The Secret Service was losing full-time staff members at a far faster rate than several other federal law enforcement agencies, according to data analysis for the Times by the Partnership for Public Service, a nonprofit group.

And a series of management failures undermined efforts to bring in new agents.

One mistake started with a simple-sounding plan: With funding from Congress, the service about a decade ago began to offer retirees a sweet deal: Keep your pension, but come back and collect a salary on top of it.

It backfired.

The prospect of two incomes was so attractive that it led more agents to retire, Secret Service officials acknowledge. First, the agents disappeared from the workforce for months, using stored-up vacation days and waiting for retirement papers to be processed.

Then, when they returned, supervisors often sent the so-called rehired annuitants to work desk jobs, far from the protective assignments the agency most needed to fill, according to four former officials.

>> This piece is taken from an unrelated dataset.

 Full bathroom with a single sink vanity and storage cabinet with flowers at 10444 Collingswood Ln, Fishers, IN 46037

Agency bosses tried to fix it. After Cheatle took over the agency in 2022, she moved to cut the pay that certain new participants could receive to reduce the incentive for them to retire early. And she ordered closer supervision of how the rehired agents were being assigned.

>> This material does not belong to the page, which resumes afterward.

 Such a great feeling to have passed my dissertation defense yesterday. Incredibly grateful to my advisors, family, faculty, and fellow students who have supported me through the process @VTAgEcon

The agency also faced a disillusioned workforce, with the widespread perception that the promotion system was at times driven more by personal connections than merit.

In 2019, a Secret Service veteran named Alfonso M. Dyson became the second-in-command of the uniformed division, whose officers guard the White House in police-style gear.

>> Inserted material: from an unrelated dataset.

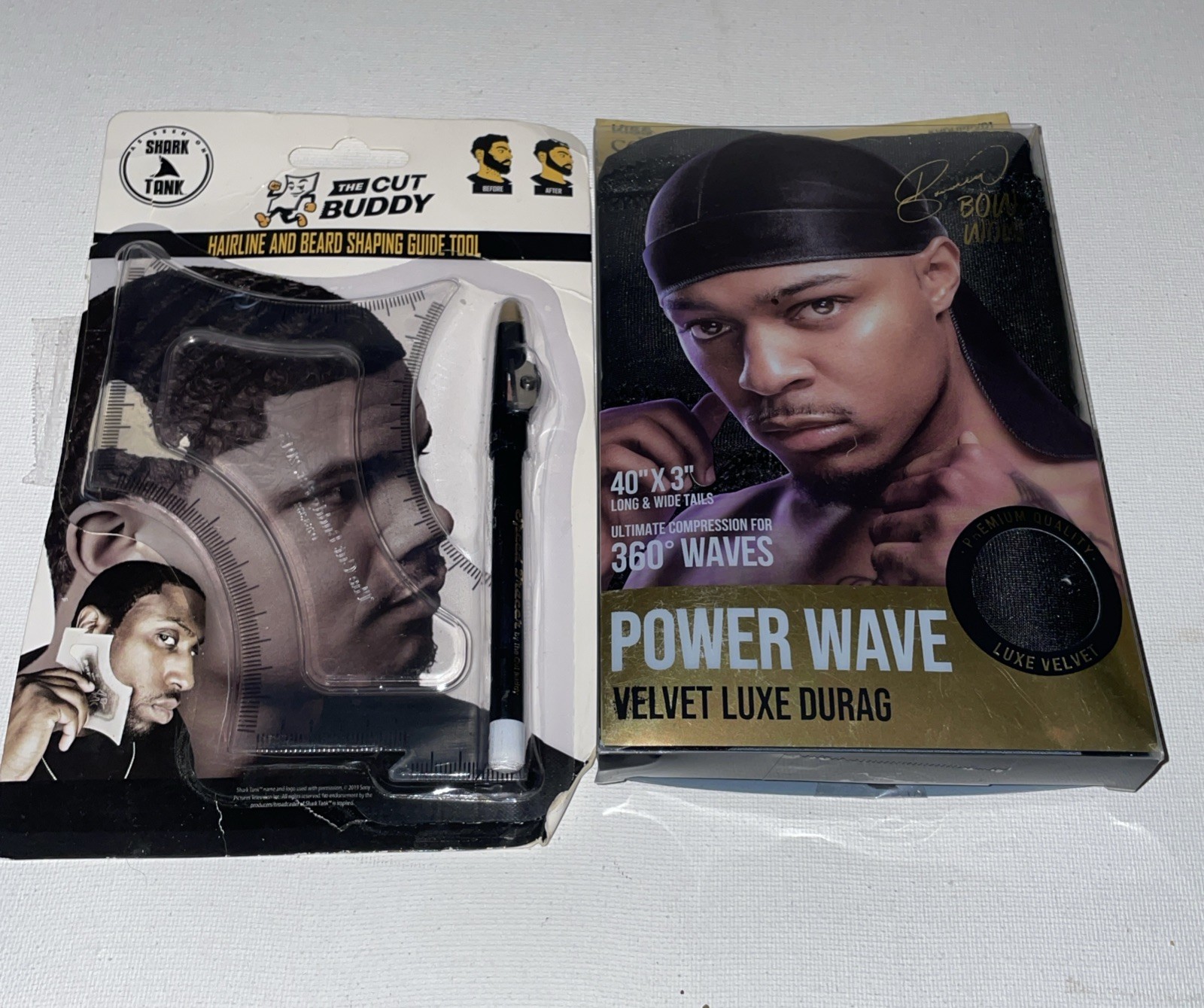 Lot Of 1 Cut Buddy Hairline & Beard Shaping Tool + Pencil + 1 Velvet Luxe Durag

While in that job, Dyson also moonlighted as a real estate agent in Maryland. Records show he represented at least three of his subordinates in buying or selling homes.

Dyson was promoted in January 2022, becoming chief of the uniformed division. After that, two of his subordinates who were former real estate clients were promoted, according to Secret Service records. Promotions are supposed to be based on merit, but the chief helps pick officers who receive them.

Dyson, who retired last year, declined to answer detailed questions from the Times.

Rowe said the department’s inspector general was asked to review the matter. The inspector general declined to comment.

Cheatle took a number of steps to try to retain employees, including enhancing subsidized child care and offering bonuses to more senior agents and officers if they committed to remaining after they were eligible for retirement.

By this summer, the service had reached 8,100 employees, its highest level ever.

However, that total is still below what the agency said it would reach by 2023 and much lower than the roughly 10,000 employees officials say they need by 2026 to run the agency smoothly, without constant emergency requests for overtime work.

But even the rank and file who remain often feel ill-equipped to perform their duties. They train in dilapidated facilities. They pine for modern technology that would ease their load. And even when they get new equipment, they are often not properly trained on how to use it.

On July 13, when Thomas Crooks fired at Trump in Butler, Pennsylvania, even basic radios were unreliable.

In October 2021, two agency staff members sent a confidential memo to top Secret Service officials urging the creation of a specialized drone unit that would accompany presidential protectees the way countersniper units do. This aerial reconnaissance team would be trained to use drones to provide the Secret Service a live overview with which to detect hostile forces and threats.

But the Secret Service moved slowly to embrace such a plan. In Butler, the would-be assassin had a drone, but the service did not. Only now is the agency moving to broadly build out the drone team.